Amazon Redshift
Database Developer Guide (API Version 2012-12-01)

Delta Encoding

Delta encodings are very useful for datetime columns.

Delta encoding compresses data by recording the difference between values that follow each other in the column. This difference is recorded in a separate dictionary for each block of column values on disk. (An Amazon Redshift disk block occupies 1 MB.) For example, if the column contains 10 integers in sequence from 1 to 10, the first will be stored as a 4-byte integer (plus a 1-byte flag), and the next 9 will each be stored as a byte with the value 1, indicating that it is one greater than the previous value.

Delta encoding comes in two variations:

  • DELTA records the differences as 1-byte values (8-bit integers)

  • DELTA32K records differences as 2-byte values (16-bit integers)

If most of the values in the column could be compressed by using a single byte, the 1-byte variation is very effective; however, if the deltas are larger, this encoding, in the worst case, is somewhat less effective than storing the uncompressed data.

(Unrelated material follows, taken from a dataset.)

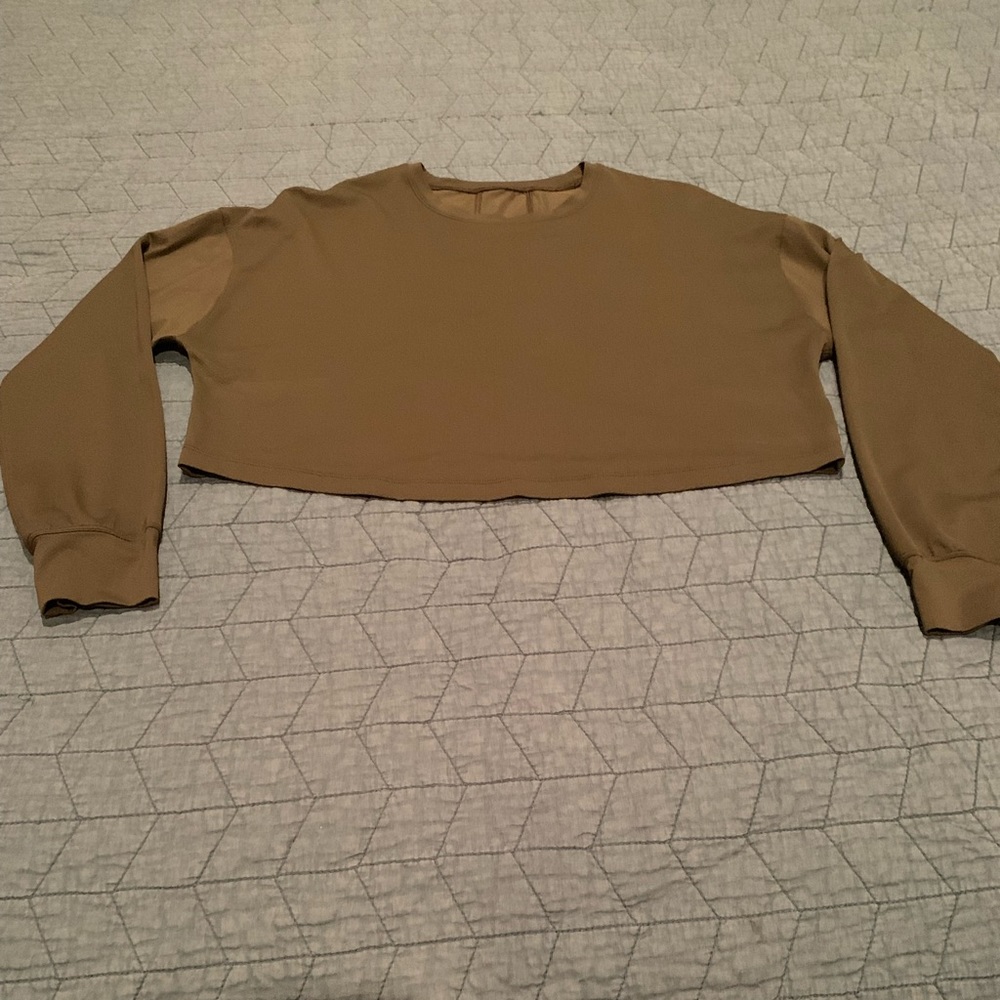 Lulu lemon muscle love long sleeve crop top in olive green. Size 4.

Similar logic applies to the 16-bit version.

If the difference between two values exceeds the 1-byte range (DELTA) or 2-byte range (DELTA32K), the full original value is stored, with a leading 1-byte flag. The 1-byte range is from -127 to 127, and the 2-byte range is from -32K to 32K.

The following table shows how a delta encoding works for a numeric column:

Original data value Original size (bytes) Difference (delta) Compressed value Compressed size (bytes)
1 4 1 1+4 (flag + actual value)
5 4 4 4 1
50 4 45 45 1
200 4 150 150 1+4 (flag + actual value)
185 4 -15 -15 1
220 4 35 35 1
221 4 1 1 1
Totals 28 15